US-Notenbankchefin Janet Yellen hat kürzlich die Finanzmärkte mit deutlichen Worten auf bald steigende Zinsen eingestimmt. Ein solcher Schritt nach oben sei unter gewissen Bedingungen auf einer der nächsten Sitzungen „wahrscheinlich angebracht“, sagte Yellen vor dem Bankenausschuss des US-Senats. Es sei aus ihrer Sicht unklug, die Straffung zu lange hinauszuzögern.

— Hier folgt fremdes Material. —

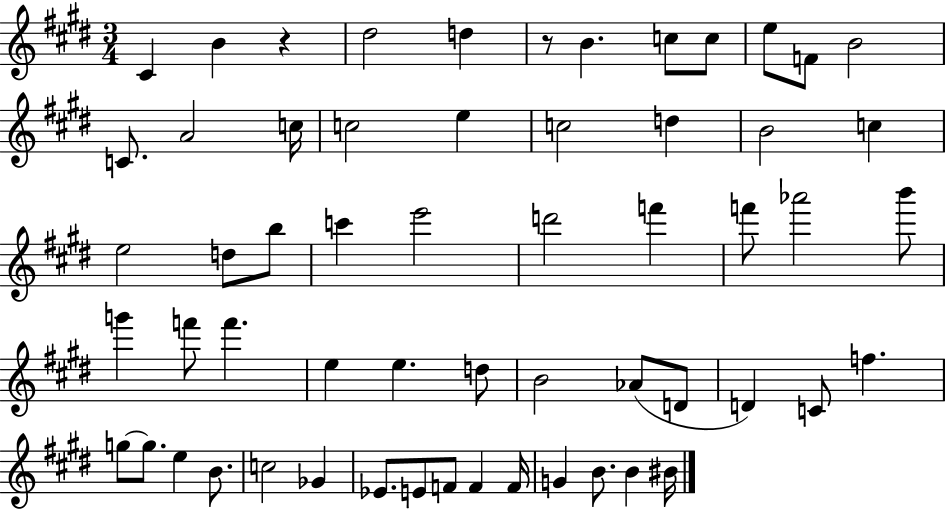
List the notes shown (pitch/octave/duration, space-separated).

C#4/q B4/q R/q D#5/h D5/q R/e B4/q. C5/e C5/e E5/e F4/e B4/h C4/e. A4/h C5/s C5/h E5/q C5/h D5/q B4/h C5/q E5/h D5/e B5/e C6/q E6/h D6/h F6/q F6/e Ab6/h B6/e G6/q F6/e F6/q. E5/q E5/q. D5/e B4/h Ab4/e D4/e D4/q C4/e F5/q. G5/e G5/e. E5/q B4/e. C5/h Gb4/q Eb4/e. E4/e F4/e F4/q F4/s G4/q B4/e. B4/q BIS4/s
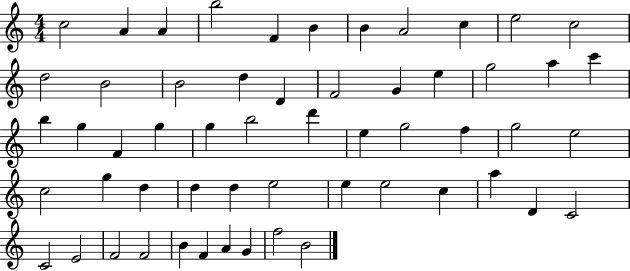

Die nächste Fed-Sitzung steht im März an. Experten erwarten aber, dass die Notenbank bis Juni mit einer Erhöhung wartet. Dann lassen sich die Auswirkungen der Haushaltspolitik des neuen US-Präsidenten Donald Trump auf die Wirtschaft besser abschätzen. Der indes ärgert sich darüber, dass Yellen den Dollar stärkt. So hat er sich jüngst im „Wall Street Journal“ darüber beklagt, dass der Wechselkurs des Dollars zu hoch sei: „Unsere Unternehmen können mit ihnen momentan nicht konkurrieren, weil unsere Währung zu stark ist. Und das bringt uns um.“

Klar, dass Trump die kompetente und selbstbewusste Chefin der US-Notenbank eher heute als morgen loswerden will. Aber er kann sie nicht feuern – sie ist von seinem Amtsvorgänger Barack Obama ernannt. Die Fed ist unabhängig und nicht weisungsgebunden, Yellens Amtszeit läuft erst im Februar 2018 ab. Und bis dahin lässt sie sich nicht von einem Populisten im Weißen Haus in ihr Handwerk hineinpfuschen.

Gut so. Denn sie hat erkannt, dass dauerhafte Nullzinsen nicht unbedingt die Wirtschaft stimulieren, sondern im Gegenteil äußerst giftig sein können, weil sie die falschen Anreize schaffen. Null Zinsen und massenhaft Liquidität geben eben nicht dauerhaft einen konjunkturellen Impuls, sondern subventionieren Kreditnehmer, die am Markt eigentlich nicht mehr bestehen könnten – in einer Studie der Deutschen Bank werden die als Zombies bezeichnet.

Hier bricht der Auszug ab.